Despite improvements in genomic sequencing technologies, a significant number of medically important genes are within genomic regions in which sequencing lacks the technical accuracy to generate reliable reads, according to a report in Genome Medicine.1
This study examined the relationship between human genome complexity and gene variants associated with human disease. Researchers mapped regions of disease relevance to regions of high or low confidence. These benchmark regions were used to determine the sensitivity and positive predictive value of 2 sequencing pipelines for specific categories of variation.
Researchers used a gold-standard genome sequence from the United States National Institute of Standards and Technology (NIST). This genome had previously been sequenced by 5 different sequencing technologies. NIST combined all sequencing results to generate a reliable consensus sequence for 77% of the genome.
The results indicated that the accuracy of gene variant information relied on the genomic region, type of gene variant, and sequencing read depth. This accuracy also varied based on the sequencing pipeline from which the data were obtained.
Of 3300 genes known to cause human disease and overlap with the high confidence regions of the genome, 593 (18%) contained large protein coding regions that could not be reliably sequenced. Remarkably, only 990 medically important genes in the human genome were found entirely within high confidence, reliable regions.
Sites prone to sequencing errors existed by the thousands in publically available gene variant databases, and a false-positive genetic variant was found in the BRCA2 gene.
“As this technology moves from the research lab to the clinic, we need to be able to accurately and reliably sequence entire genomes, because incorrect sequence information can lead to inappropriate medical care,” said Rachel Goldfeder, a graduate student in the Department of Medicine and the Stanford Center for Inherited Cardiovascular Disease at Stanford University, in California, and lead author on the study.

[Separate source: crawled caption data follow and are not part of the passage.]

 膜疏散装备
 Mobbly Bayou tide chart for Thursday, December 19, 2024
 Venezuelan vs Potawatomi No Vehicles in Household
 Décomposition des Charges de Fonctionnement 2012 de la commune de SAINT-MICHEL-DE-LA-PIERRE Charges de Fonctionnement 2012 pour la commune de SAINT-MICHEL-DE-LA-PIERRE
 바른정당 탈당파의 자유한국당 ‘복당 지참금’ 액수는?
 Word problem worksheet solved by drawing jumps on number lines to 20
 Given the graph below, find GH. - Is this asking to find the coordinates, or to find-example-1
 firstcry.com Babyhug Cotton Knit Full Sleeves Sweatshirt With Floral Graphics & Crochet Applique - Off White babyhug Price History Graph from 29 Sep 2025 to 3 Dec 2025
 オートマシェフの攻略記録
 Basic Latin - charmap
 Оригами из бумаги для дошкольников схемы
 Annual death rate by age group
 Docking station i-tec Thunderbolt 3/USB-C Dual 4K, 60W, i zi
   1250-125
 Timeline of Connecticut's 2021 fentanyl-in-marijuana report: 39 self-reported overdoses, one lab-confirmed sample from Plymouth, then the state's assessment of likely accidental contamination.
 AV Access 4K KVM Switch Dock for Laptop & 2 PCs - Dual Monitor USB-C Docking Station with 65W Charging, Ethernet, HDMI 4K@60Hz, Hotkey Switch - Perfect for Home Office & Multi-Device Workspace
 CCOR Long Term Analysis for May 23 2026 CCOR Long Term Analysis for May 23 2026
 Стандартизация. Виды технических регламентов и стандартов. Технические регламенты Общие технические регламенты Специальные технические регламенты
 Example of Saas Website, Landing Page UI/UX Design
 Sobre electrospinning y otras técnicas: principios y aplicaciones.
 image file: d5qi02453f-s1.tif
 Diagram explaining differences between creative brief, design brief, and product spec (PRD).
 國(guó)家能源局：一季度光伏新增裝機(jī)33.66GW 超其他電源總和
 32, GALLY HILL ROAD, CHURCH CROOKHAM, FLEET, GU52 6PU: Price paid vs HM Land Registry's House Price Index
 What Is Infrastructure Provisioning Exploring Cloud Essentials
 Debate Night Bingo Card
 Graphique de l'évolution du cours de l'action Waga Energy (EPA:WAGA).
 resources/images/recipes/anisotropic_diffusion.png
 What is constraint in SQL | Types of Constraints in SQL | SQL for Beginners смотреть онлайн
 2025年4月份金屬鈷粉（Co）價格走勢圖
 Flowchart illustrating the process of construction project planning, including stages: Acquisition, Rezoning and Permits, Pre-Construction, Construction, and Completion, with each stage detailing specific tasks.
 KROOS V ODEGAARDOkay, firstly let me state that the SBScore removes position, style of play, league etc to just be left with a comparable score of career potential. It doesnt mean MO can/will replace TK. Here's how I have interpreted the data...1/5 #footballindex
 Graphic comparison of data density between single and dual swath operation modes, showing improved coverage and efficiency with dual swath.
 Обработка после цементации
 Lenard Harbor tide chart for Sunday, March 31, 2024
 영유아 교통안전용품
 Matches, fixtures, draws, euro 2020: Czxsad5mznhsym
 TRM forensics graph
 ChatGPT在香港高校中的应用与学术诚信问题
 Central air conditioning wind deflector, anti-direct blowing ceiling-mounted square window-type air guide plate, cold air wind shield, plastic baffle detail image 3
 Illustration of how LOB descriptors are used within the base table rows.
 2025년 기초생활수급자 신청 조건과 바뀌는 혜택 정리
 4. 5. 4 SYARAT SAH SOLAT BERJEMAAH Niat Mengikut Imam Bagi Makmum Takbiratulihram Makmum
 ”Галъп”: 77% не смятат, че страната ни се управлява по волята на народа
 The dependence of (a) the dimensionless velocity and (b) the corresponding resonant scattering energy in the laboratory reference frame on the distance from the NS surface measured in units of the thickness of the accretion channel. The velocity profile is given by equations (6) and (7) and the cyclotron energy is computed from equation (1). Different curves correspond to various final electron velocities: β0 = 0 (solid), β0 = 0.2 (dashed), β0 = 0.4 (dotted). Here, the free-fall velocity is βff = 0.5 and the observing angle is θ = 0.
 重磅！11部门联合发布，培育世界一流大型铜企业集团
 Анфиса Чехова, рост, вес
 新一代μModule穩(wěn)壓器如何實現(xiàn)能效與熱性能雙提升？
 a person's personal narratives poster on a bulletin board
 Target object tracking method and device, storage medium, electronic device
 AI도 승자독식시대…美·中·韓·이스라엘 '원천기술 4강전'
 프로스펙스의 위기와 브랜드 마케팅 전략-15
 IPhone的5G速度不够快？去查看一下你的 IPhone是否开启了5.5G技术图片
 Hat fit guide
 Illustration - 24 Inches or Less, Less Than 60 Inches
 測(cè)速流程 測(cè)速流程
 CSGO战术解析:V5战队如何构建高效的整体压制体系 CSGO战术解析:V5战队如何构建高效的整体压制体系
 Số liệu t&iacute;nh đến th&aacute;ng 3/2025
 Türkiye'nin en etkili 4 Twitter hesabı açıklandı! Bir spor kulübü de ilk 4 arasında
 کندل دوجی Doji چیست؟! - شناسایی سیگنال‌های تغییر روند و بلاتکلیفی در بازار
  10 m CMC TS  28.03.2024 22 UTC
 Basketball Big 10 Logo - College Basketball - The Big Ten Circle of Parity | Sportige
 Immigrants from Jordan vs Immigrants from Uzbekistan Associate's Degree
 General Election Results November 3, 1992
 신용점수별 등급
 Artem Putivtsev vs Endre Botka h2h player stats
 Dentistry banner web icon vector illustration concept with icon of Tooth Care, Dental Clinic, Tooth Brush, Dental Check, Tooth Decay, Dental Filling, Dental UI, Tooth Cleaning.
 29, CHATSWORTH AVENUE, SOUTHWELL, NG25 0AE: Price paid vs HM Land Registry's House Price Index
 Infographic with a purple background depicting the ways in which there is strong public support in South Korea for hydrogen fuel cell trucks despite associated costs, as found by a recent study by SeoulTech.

“The good news is that, in this case, 77% of the donor’s genome was reliably sequenced using current methods. The challenge now is to focus our efforts on the other 23%, namely, on regions of the genome that remain elusive. Only then can we realize the full potential of precision medicine.”
1. Goldfeder RL, Priest JR, Zook JM, et al. Medical implications of technical accuracy in genome sequencing. Genome Med. doi:10.1186/s13073-016-0269-0.